Doç. Dr. Kırık, şöyle devam etti:
Adil tazminatlar alabilecekleri bilincinde olan dijital yayıncılar, daha yüksek kaliteli ve çeşitli içerikler üretebilirler. Bu da medya tüketicileri için daha zengin bir deneyim anlamına gelebilir. Yasaya dayalı gelir, gazetecilik ve haber endüstrisine güçlü bir destek sağlayabilir. Bu da daha güvenilir ve kaliteli haber kaynaklarının varlığını sürdürebilmesine katkıda bulunabilir.
Dijital platformların medya şirketlerine adil ödeme yapma zorunluluğu, rekabetin artmasını sağlayabilir. Bu durum, medya pazarındaki çeşitliliği ve rekabeti artırarak tüketicilere daha iyi hizmet sunulmasına olanak tanıyabilir. Yasal düzenlemeler, yerel medyanın desteklenmesine odaklanabilir. Bu da yerel haber kaynaklarının güçlenmesine ve yerel topluluklara daha iyi hizmet verilmesine yardımcı olabilir.
‘ÜLKELERİN NÜFUSU TELİF ÖDEMELERİNİN BÜYÜKLÜĞÜNÜ ETKİLEYEBİLİR’
Google Kanada’da 74 milyon dolar ödeme yapmayı kabul etti. ABD için konuşulan rakam ise 10 milyardan fazla… Bunları ölçek alarak Türkiye için bir tahmin yapmak mümkün mü?
“Dijital telif yasalarının getirdiği ödeme miktarları, ülkelerin nüfusları ve medya endüstrisinin büyüklüğü gibi faktörlere bağlı olarak değişiklik gösterir.

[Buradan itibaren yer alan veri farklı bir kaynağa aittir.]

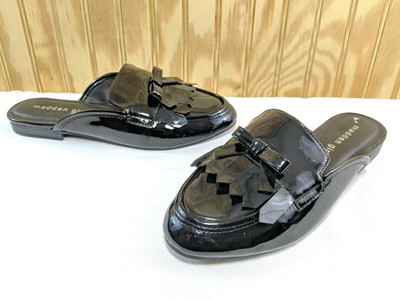 madden girl black slides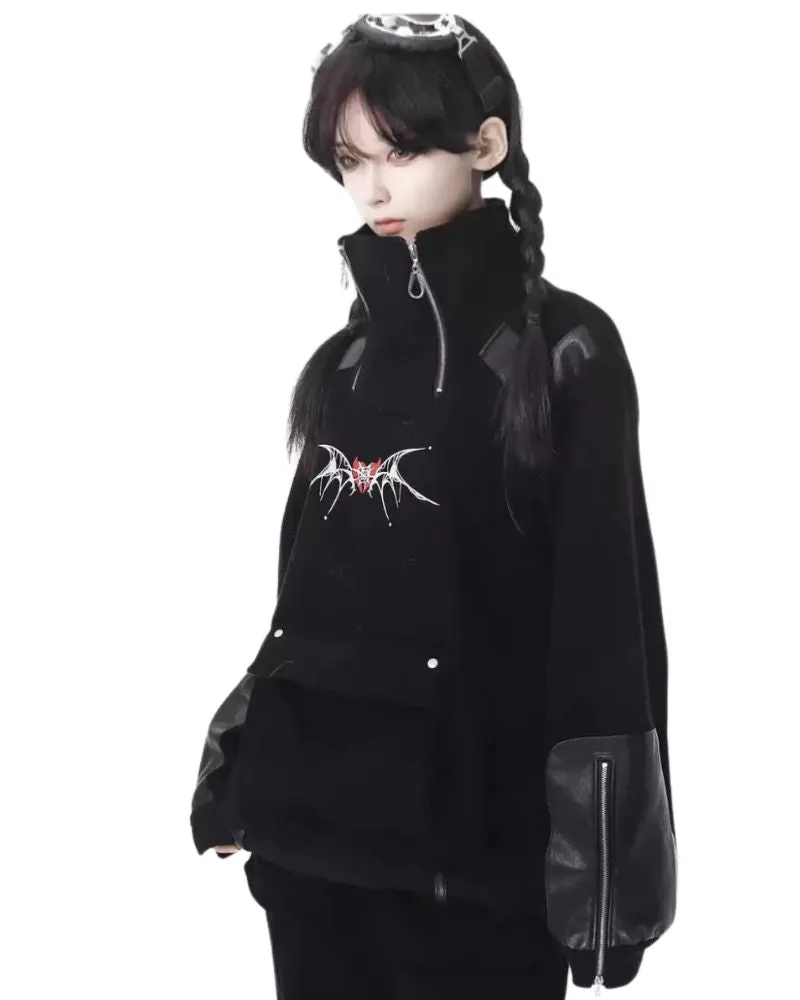 Techwear Sweet Girl Hoodie Pants And Cargo Skirt Set（Sold Separately）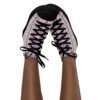 Zapatillas de lona de caña alta para mujer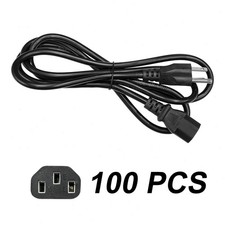 100 LOT AC Power Cord Cable Desktop Monitor Computer 6ft IEC320 Heavy Duty Power Cable price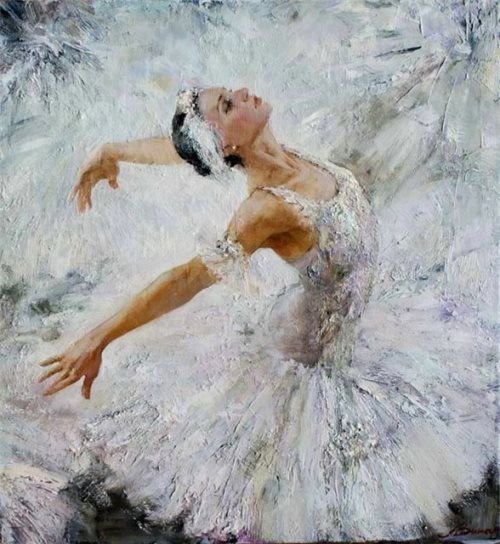 500x544 Beauty Will Save, Viola, Beauty In Everything - Ballet Painting
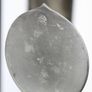 Vintage  Glass Carafe Jug H-8" Image 6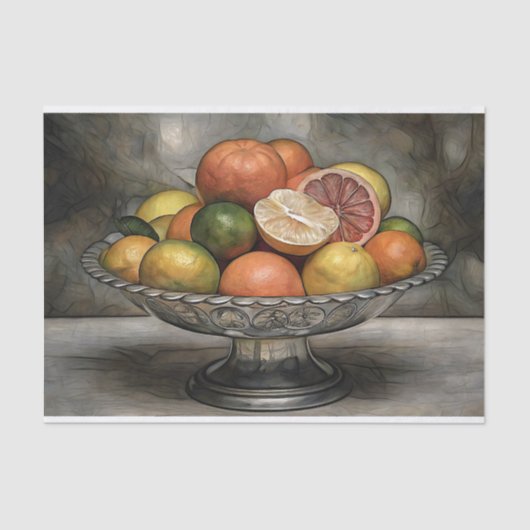 Citrus Symphony Decoupage Tissuepapier (Voorkant)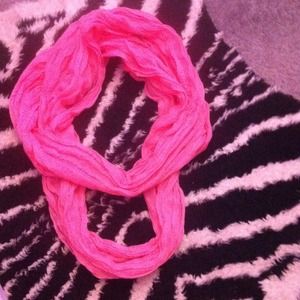 Pink infinity scarf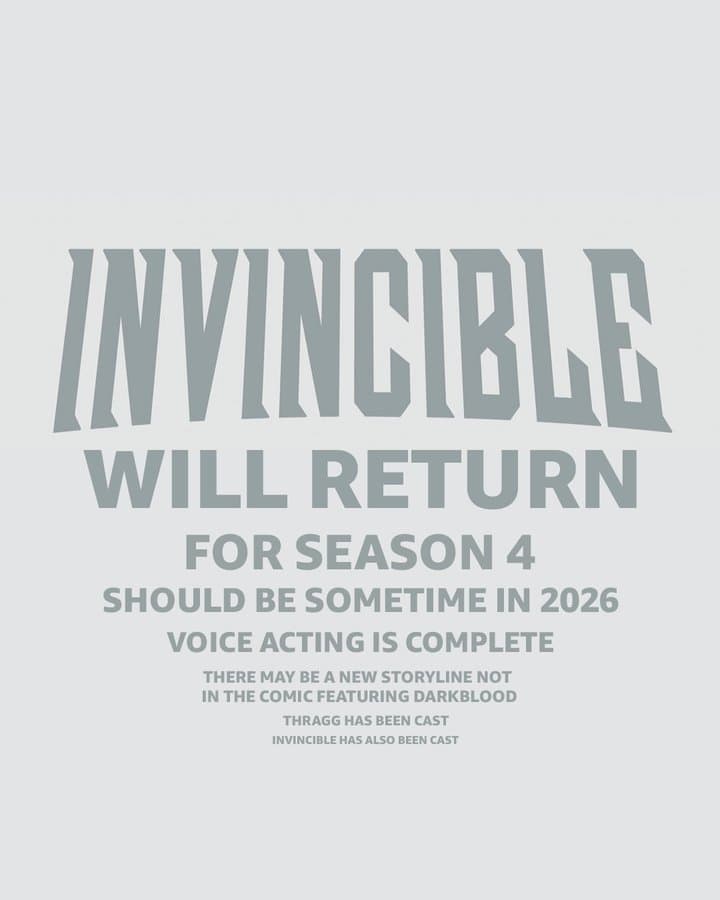 Invincible Season 4 release date (Image via InvincibleHQ on X)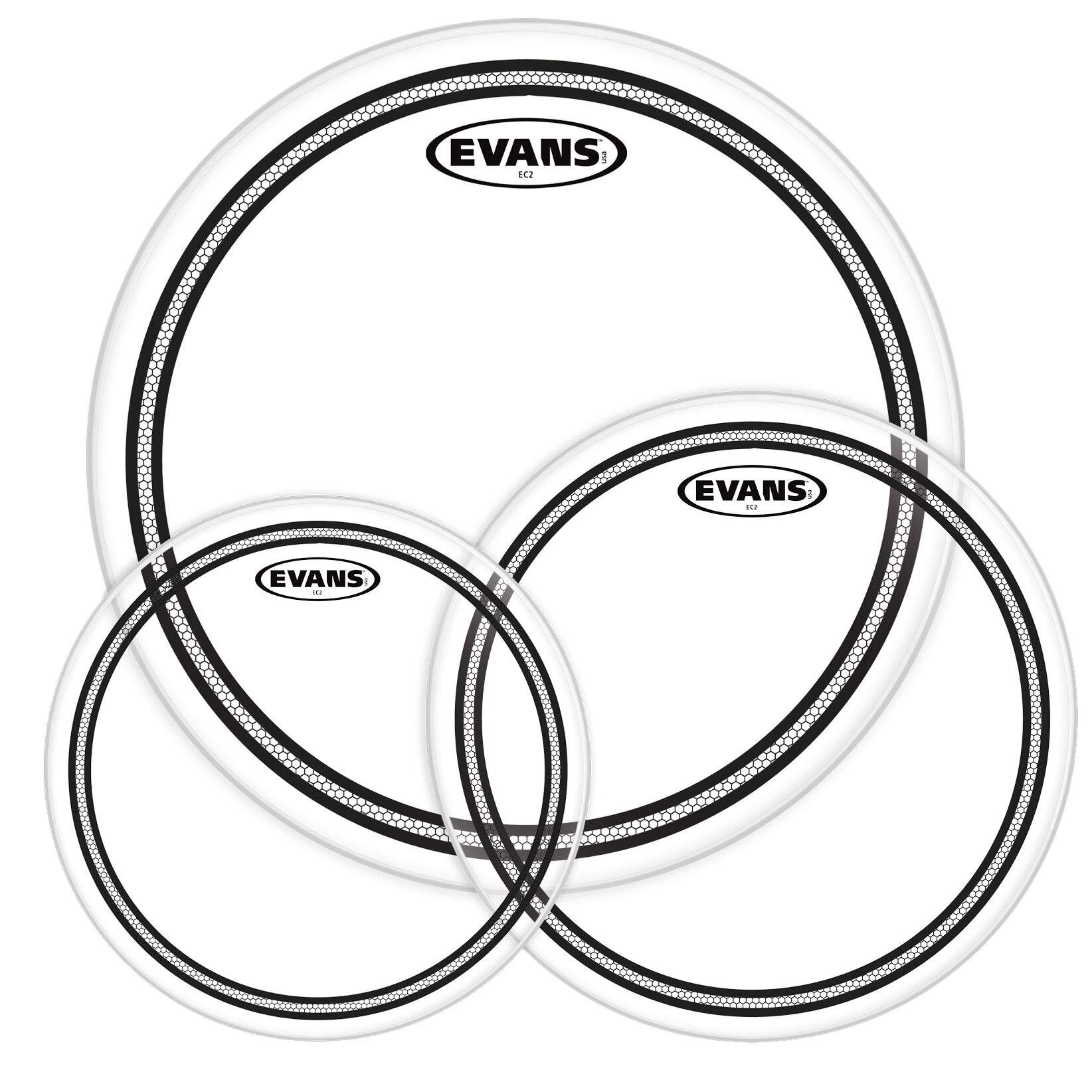 EVANS ETP-EC2SCLR-R DERİ SETİ (10+12+16) ROCK KİT RİNGLİ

Türkiye için benzer bir ölçüm yapmak için çeşitli faktörleri göz önünde bulundurmak mühim. Kanada’nın nüfusu yaklaşık 39 milyonken, ABD’nin nüfusu çok daha büyük, yaklaşık 340 milyon. Türkiye’nin nüfusu ise 84 milyon civarında. Bu durum dijital telif yasası kapsamındaki ödemelerin büyüklüğünü etkileyebilir” diyen Doç. Dr. Ali Murat Kırık, şöyle devam etti:
Fakat sadece nüfusu ön planda tutmak da doğru değil. Türkiye’deki medya endüstrisinin büyüklüğü de dikkate alınmalı. Kanada ve ABD’deki medya endüstrileri, Türkiye’den daha büyük. Bu durum, dijital platformların ödeme yapacağı toplam tutarı etkileyebilir.
Türkiye’deki dijital yayıncılar ve bu yayıncıların dijital platformlarla olan etkileşimi de önemli. Dijital platformlar, Türkiye’deki içerik üreticileriyle ne kadar etkileşimde bulunuyorsa, ödeme miktarı o kadar etkilenebilir.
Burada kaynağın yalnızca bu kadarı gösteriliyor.